Pourakbar Niloufar, Motamedi Alireza, Pashapour Mahta, Sharifi Mohammad Emad, Sharabiani Seyedemad Seyedgholami, Fazlollahi Asra, Abdollahi Hamid, Rahmim Arman, Rezaei Sahar
Student Research Committee, Tabriz University of Medical Sciences, Tabriz 5165665931, Iran.
Shariati Hospital Research Center, Tehran University of Medical Sciences, Tehran 1416634793, Iran.
Cancers (Basel). 2025 Jun 5;17(11):1892. doi: 10.3390/cancers17111892.
BACKGROUND/OBJECTIVES: Lung cancer recurrence, particularly in NSCLC, remains a major challenge, with 30-70% of patients relapsing post-treatment. Traditional predictors like TNM staging and histopathology fail to account for tumor heterogeneity and immune dynamics. This review evaluates AI models integrating gene biomarkers (TP53, KRAS, FOXP3, PD-L1, and CD8) to enhance the recurrence prediction and improve the personalized risk stratification.
Following the PRISMA guidelines, we systematically reviewed AI-driven recurrence prediction models for lung cancer, focusing on genomic biomarkers. Studies were selected based on predefined criteria, emphasizing AI/ML approaches integrating gene expression, radiomics, and clinical data. Data extraction covered the study design, AI algorithms (e.g., neural networks, SVM, and gradient boosting), performance metrics (AUC and sensitivity), and clinical applicability. Two reviewers independently screened and assessed studies to ensure accuracy and minimize bias.
A literature analysis of 18 studies (2019-2024) from 14 countries, covering 4861 NSCLC and small cell lung cancer patients, showed that AI models outperformed conventional methods. AI achieved AUCs of 0.73-0.92 compared to 0.61 for TNM staging. Multi-modal approaches integrating gene expression (PDIA3 and MYH11), radiomics, and clinical data improved accuracy, with SVM-based models reaching a 92% AUC. Key predictors included immune-related signatures (e.g., tumor-infiltrating NK cells and PD-L1 expression) and pathway alterations (NF-κB and JAK-STAT). However, small cohorts (41-1348 patients), data heterogeneity, and limited external validation remained challenges.

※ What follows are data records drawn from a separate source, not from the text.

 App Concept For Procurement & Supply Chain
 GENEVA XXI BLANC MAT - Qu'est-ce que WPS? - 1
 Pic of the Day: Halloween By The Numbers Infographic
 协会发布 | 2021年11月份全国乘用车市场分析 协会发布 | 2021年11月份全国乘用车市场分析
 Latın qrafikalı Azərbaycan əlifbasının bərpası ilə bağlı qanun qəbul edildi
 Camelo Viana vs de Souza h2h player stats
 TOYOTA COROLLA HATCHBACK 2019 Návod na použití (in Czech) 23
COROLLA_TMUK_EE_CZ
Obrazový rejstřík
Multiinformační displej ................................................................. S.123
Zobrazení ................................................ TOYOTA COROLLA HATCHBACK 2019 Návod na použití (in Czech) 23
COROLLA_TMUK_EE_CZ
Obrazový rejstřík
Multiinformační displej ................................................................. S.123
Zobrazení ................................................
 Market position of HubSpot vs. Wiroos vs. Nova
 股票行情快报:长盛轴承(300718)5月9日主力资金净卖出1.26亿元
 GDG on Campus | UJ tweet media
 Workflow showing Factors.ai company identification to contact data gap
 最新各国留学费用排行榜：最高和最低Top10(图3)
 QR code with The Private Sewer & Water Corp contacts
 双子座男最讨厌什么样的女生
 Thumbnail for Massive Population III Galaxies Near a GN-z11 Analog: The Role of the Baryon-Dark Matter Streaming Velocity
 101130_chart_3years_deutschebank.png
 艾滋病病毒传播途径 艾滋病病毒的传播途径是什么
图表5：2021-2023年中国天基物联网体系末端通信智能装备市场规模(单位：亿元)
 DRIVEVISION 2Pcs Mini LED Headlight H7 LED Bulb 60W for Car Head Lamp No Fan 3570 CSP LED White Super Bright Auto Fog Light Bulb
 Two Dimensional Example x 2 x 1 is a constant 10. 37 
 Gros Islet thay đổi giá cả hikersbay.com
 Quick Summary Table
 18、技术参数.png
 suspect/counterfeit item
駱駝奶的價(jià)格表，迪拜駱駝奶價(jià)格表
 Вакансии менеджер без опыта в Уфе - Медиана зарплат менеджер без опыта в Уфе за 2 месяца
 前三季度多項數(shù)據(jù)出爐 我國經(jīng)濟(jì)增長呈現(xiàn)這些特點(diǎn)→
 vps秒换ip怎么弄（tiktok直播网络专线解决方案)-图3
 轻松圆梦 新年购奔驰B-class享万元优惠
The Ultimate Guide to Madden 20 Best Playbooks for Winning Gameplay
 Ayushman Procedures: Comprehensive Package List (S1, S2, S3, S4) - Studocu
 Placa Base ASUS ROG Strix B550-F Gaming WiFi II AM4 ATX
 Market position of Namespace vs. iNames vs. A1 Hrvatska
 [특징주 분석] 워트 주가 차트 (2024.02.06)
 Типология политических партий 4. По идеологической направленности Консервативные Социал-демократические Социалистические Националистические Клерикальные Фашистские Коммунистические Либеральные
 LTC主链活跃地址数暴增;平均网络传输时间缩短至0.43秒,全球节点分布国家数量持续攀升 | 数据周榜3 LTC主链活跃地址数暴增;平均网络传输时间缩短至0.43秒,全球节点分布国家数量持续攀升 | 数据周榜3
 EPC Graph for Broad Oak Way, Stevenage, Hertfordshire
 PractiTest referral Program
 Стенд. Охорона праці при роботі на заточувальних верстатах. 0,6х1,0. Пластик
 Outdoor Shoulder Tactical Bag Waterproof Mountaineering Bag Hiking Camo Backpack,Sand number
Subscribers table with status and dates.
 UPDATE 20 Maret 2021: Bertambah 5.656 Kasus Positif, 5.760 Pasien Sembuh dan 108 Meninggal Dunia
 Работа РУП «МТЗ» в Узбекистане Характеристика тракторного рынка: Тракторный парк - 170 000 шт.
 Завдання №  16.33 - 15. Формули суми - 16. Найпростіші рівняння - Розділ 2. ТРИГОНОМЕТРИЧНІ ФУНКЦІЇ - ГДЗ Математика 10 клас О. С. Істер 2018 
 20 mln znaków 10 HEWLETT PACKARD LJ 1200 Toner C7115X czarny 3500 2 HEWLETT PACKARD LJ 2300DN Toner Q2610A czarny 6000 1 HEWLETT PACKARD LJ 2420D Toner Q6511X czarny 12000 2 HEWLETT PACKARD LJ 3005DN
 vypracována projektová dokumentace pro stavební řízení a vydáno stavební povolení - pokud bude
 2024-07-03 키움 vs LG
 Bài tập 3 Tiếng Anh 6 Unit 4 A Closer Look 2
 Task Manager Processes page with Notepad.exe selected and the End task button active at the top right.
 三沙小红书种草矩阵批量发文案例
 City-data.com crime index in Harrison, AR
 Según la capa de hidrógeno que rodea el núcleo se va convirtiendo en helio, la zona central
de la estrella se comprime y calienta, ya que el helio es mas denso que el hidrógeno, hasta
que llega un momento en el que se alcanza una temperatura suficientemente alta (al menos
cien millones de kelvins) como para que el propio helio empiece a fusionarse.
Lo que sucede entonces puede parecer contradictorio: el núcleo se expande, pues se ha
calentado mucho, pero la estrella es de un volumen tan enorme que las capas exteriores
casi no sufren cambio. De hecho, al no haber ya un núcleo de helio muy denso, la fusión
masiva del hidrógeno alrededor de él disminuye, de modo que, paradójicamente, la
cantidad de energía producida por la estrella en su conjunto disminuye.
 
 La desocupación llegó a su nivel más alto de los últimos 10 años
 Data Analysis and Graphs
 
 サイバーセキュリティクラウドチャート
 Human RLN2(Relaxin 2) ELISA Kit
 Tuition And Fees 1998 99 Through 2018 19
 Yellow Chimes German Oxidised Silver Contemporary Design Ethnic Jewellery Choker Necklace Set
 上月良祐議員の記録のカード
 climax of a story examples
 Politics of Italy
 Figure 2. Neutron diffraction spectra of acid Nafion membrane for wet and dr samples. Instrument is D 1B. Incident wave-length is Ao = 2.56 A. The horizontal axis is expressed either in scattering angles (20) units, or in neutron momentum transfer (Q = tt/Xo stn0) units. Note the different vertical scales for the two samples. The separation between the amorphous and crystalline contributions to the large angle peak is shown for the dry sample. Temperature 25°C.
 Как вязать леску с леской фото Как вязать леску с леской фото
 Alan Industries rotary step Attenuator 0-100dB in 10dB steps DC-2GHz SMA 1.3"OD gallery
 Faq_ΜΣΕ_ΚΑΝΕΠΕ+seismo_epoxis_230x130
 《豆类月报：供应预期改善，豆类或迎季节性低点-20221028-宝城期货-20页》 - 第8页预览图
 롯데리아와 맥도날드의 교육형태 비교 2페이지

AI-driven models hold potential for recurrence prediction and guiding adjuvant therapies in high-risk NSCLC patients. Expanding multi-institutional datasets, standardizing validation, and improving clinical integration are crucial for real-world adoption. Optimizing biomarker panels and using AI trustworthily and ethically could enhance precision oncology, enabling early, tailored interventions to reduce mortality.
背景/目的:肺癌复发,尤其是非小细胞肺癌(NSCLC)的复发,仍然是一项重大挑战,30%-70%的患者在治疗后会复发。像TNM分期和组织病理学这样的传统预测指标无法解释肿瘤的异质性和免疫动态。本综述评估了整合基因生物标志物(TP53、KRAS、FOXP3、PD-L1和CD8)的人工智能模型,以加强复发预测并改善个性化风险分层。
遵循PRISMA指南,我们系统地回顾了用于肺癌的人工智能驱动的复发预测模型,重点关注基因组生物标志物。根据预定义标准选择研究,强调整合基因表达、放射组学和临床数据的人工智能/机器学习方法。数据提取涵盖研究设计、人工智能算法(如神经网络、支持向量机和梯度提升)、性能指标(AUC和敏感性)以及临床适用性。两名评审员独立筛选和评估研究,以确保准确性并尽量减少偏差。
对来自14个国家的18项研究(2019-2024年)进行的文献分析,涵盖4861例NSCLC和小细胞肺癌患者,结果表明人工智能模型优于传统方法。人工智能实现的AUC为0.73-0.92,而TNM分期为0.61。整合基因表达(PDIA3和MYH11)、放射组学和临床数据的多模态方法提高了准确性,基于支持向量机的模型达到了92%的AUC。关键预测指标包括免疫相关特征(如肿瘤浸润性NK细胞和PD-L1表达)和通路改变(NF-κB和JAK-STAT)。然而,小样本队列(41-1348例患者)、数据异质性和有限的外部验证仍然是挑战。
人工智能驱动的模型在高危NSCLC患者的复发预测和指导辅助治疗方面具有潜力。扩大多机构数据集、规范验证并改善临床整合对于在现实世界中的应用至关重要。优化生物标志物组合并可靠且合乎道德地使用人工智能可以提高精准肿瘤学水平,实现早期、个性化干预以降低死亡率。